Vendredi dernier, je suis allée à Saint-Oulph, dans le canton de Creney. Curieuse église, peu cohérente d'un point de vue architectural, faite à partir d'une maison forte du XIIe transformée au fur et à mesure des siècles en fonction des besoins, car les bâtiments anciens sont comme les constructions en Meccano : on peut les déconstruire pour réutiliser les pierres, les agrandir, les transformer en en changeant l'affectation. Recyclables.
Cependant, posé contre un flanc de l'église, tout seul et sans cartel, était un sarcophage gallo-romain. La caisse était intacte ; parfois on les trouve réutilisées comme abreuvoir ou comme auge pour les bêtes, mais là, non. Le couvercle légèrement travaillé, un peu cassé et moussu, était bien en place. C'était comme une rencontre familière, loin des sarcophages de musée, nettoyés et dûment référencés. Une émotion.

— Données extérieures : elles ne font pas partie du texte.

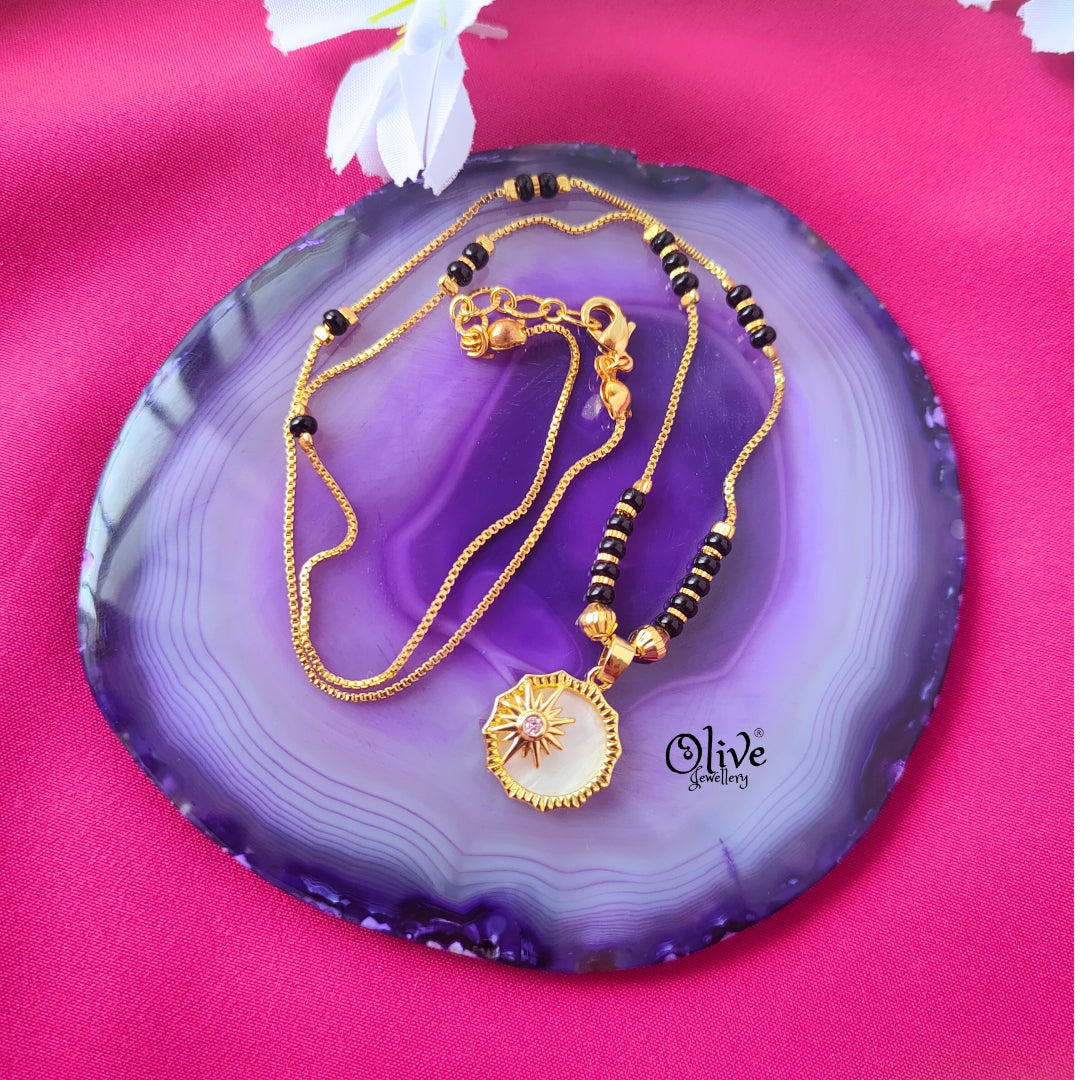 SS Black Beads Chain - 98( Gold Shade )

J'avais déjà rencontré ce type d'émotion en entrant dans une tombe étrusque et en voyant une croix gravée sur la paroi du fond : des hommes et des bêtes y avaient vécu au Moyen-Âge, parce que la tombe était assez vaste et qu'ils n'avaient probablement pas les moyens d'habiter ailleurs ; ils avaient, par la croix, changé simplement l'affectation de la construction. En un seul lieu, une courte histoire de l'humanité. L'histoire d'un territoire est protégée par les portes des musées, des châteaux et des églises. Et c'est normal. Mais l'air libre confère aux vestiges un pouvoir, celui de de nous permettre ce voyage vertical, vertigineux dans le temps et c'est pour cela que l'église de Saint-Oulph et son sarcophage sont un lieu magique où l'histoire de l'humanité nous aspire.